* [Exercise objective] The output must contain exactly the lines from the top of the listing below through the line containing "Barren dry landscape", and no pictures.

* [Study material]
+++

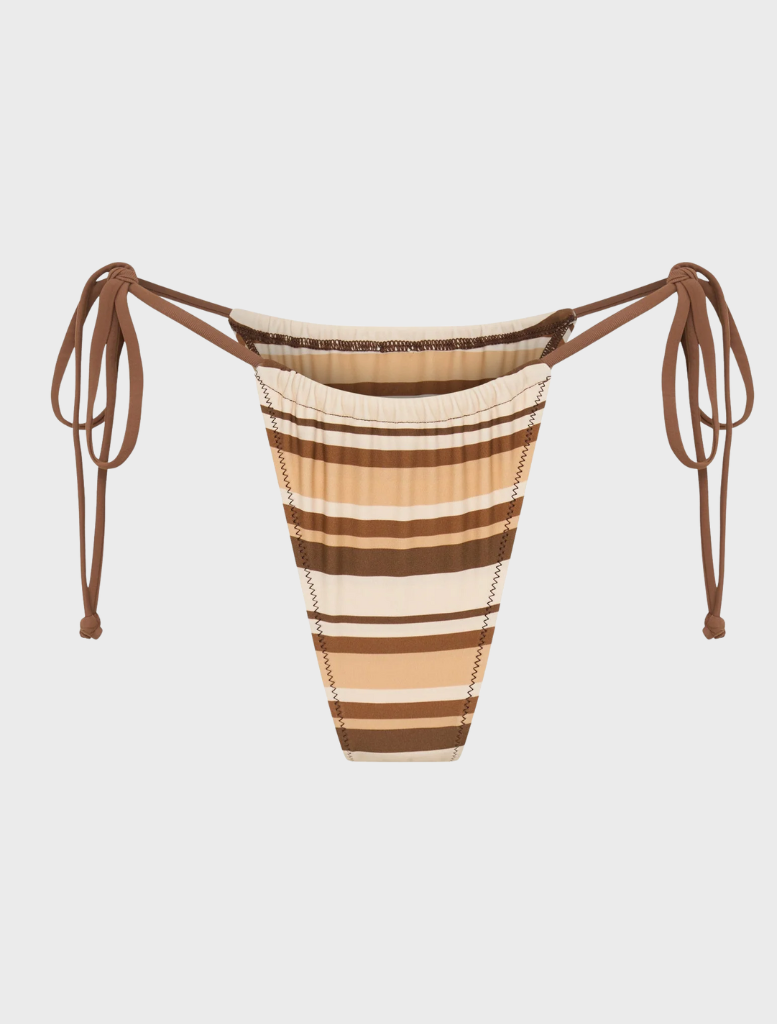 Rio Bottom - Dulce, showcasing a vibrant landscape with lush greenery and a serene river flowing through the scene.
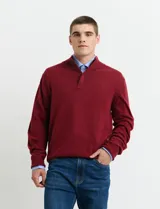 Sweater de punto color tostado, con cuello alto y cierre frontal parcial con botones. Diseño de manga larga con puños y ruedo acanalados.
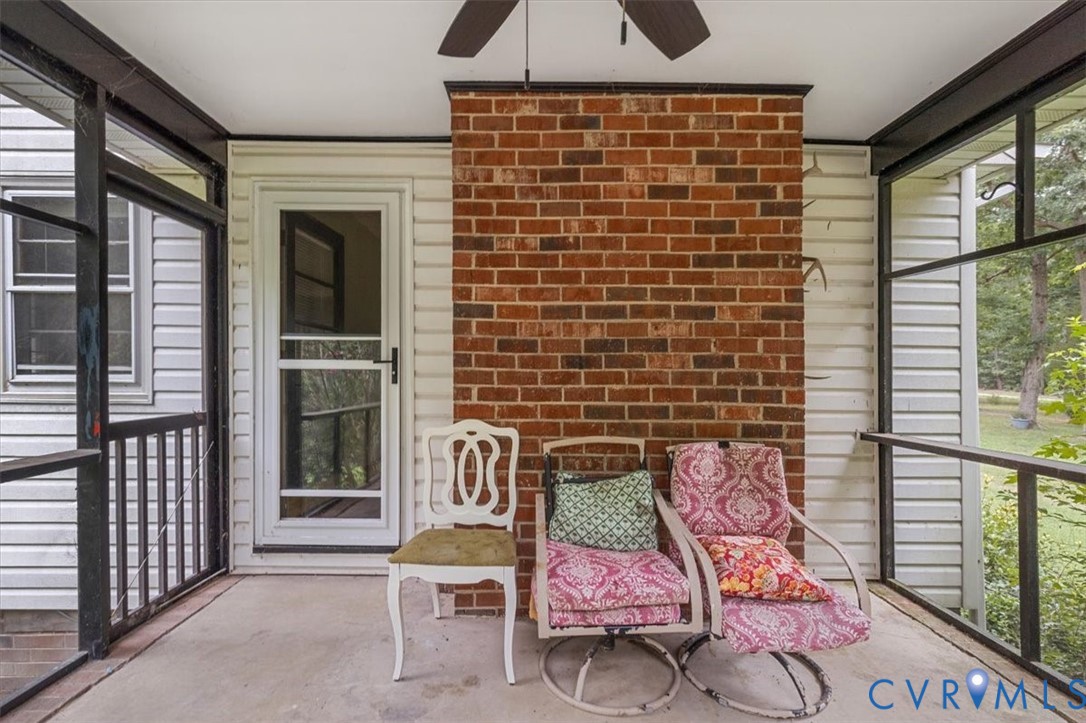 20101 River Road Chesterfield, VA 23838 - Photo 15 of 44 Screened porch featuring a concrete floor, red bri
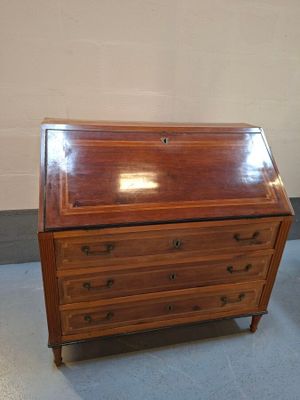 a small wooden desk with a drawer on it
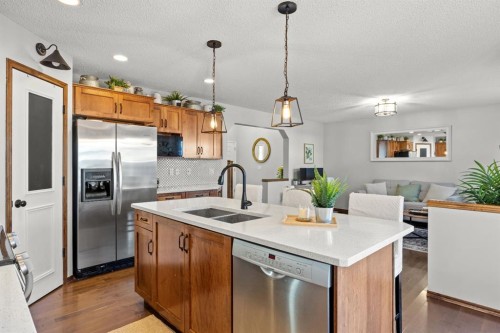 624 Cranston Drive Se, Calgary, AB - Indoor Photo Showing Kitchen With Double Sink With Upgraded Kitchen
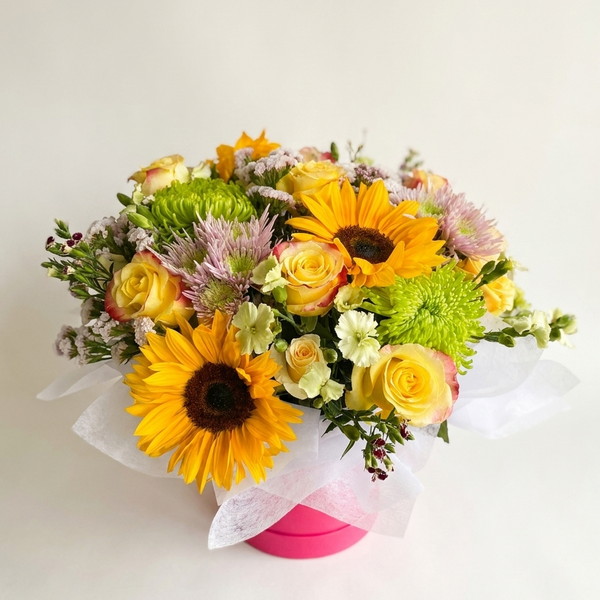 Bouquet of flowers with sunflowers and roses in a pink box on a light background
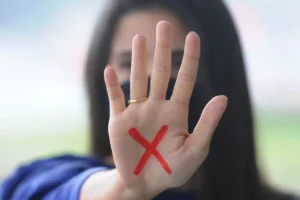 Uma pessoa aparece ao fundo desfocada enquanto estende a mão aberta em direção à câmera. Na palma da mão há um “X” vermelho pintado.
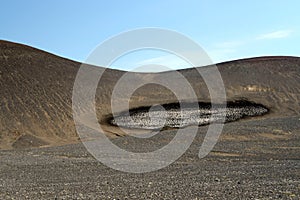 Barren dry landscape around GrÃÂ¡brÃÂ³k with spot of melted ice on black hill against blue sky, Iceland photo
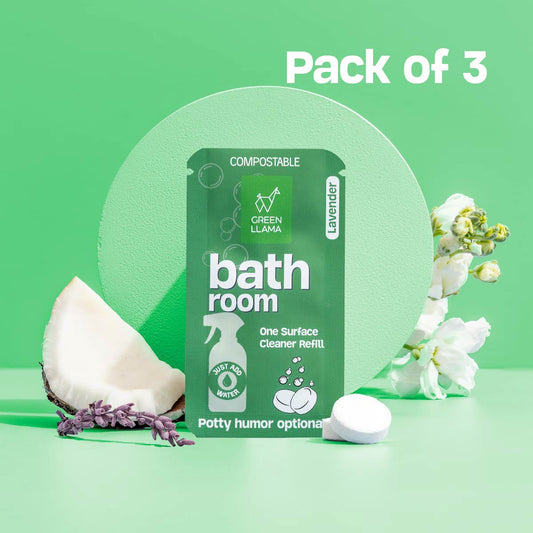 Pack of 3 compostable bath room one surface cleaner refills on a green background with flowers and a coconut.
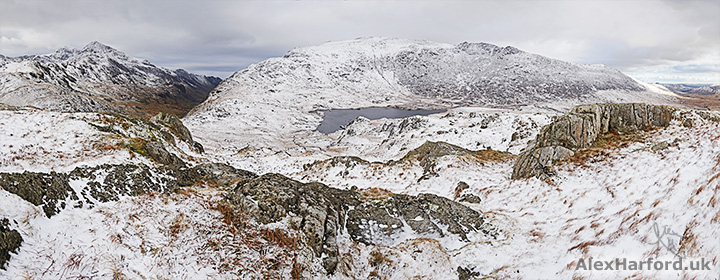Snow-covered Snowdon and Glyder Fach mountains from snowy Moel Berfedd summit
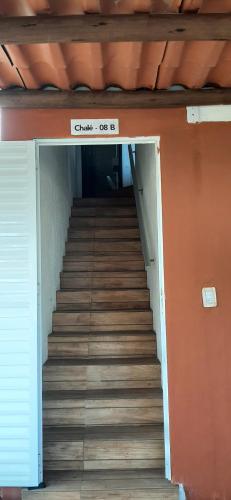 a staircase leading up to a building with a sign at Chalé Pé na Areia e Piscina Privativa em Barra do Jacuípe in Camaçari
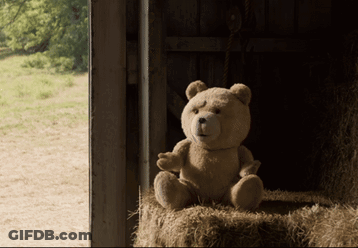 A Teddy Bear Sits In A Pile Of Hay GIF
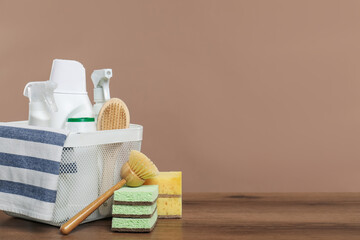 Eco-friendly cleaning products and supplies in basket on wooden table against beige background,...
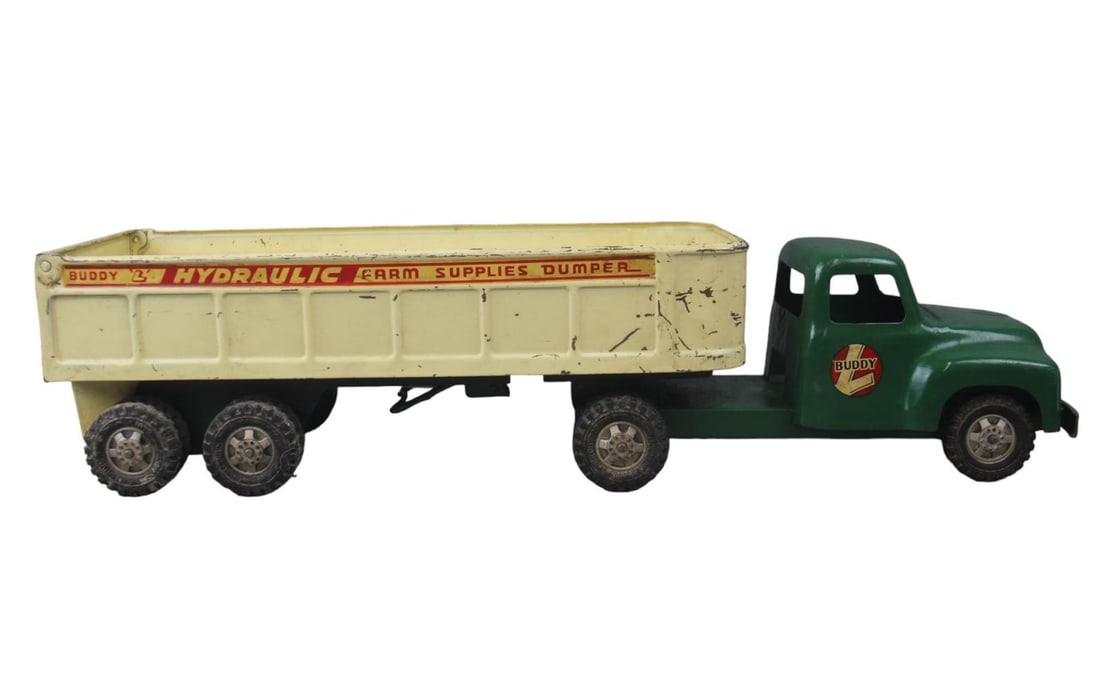1950s Buddy L Farm Supplies Dumper: Painted pressed steel with rubber tires, 23 inches long. Dump works, but quickly and has nice decals. It shows light to moderate play wear. Would benefit from a cleaning.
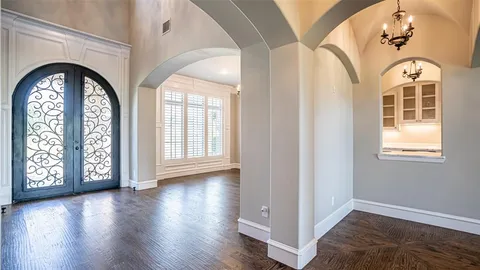a view of an entryway with wooden floor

+++

* [Finished task]
 Rio Bottom - Dulce, showcasing a vibrant landscape with lush greenery and a serene river flowing through the scene.
 Sweater de punto color tostado, con cuello alto y cierre frontal parcial con botones. Diseño de manga larga con puños y ruedo acanalados.
 20101 River Road Chesterfield, VA 23838 - Photo 15 of 44 Screened porch featuring a concrete floor, red bri
 a small wooden desk with a drawer on it
 624 Cranston Drive Se, Calgary, AB - Indoor Photo Showing Kitchen With Double Sink With Upgraded Kitchen
 Bouquet of flowers with sunflowers and roses in a pink box on a light background
 Uma pessoa aparece ao fundo desfocada enquanto estende a mão aberta em direção à câmera. Na palma da mão há um “X” vermelho pintado.
 Barren dry landscape around GrÃÂ¡brÃÂ³k with spot of melted ice on black hill against blue sky, Iceland photo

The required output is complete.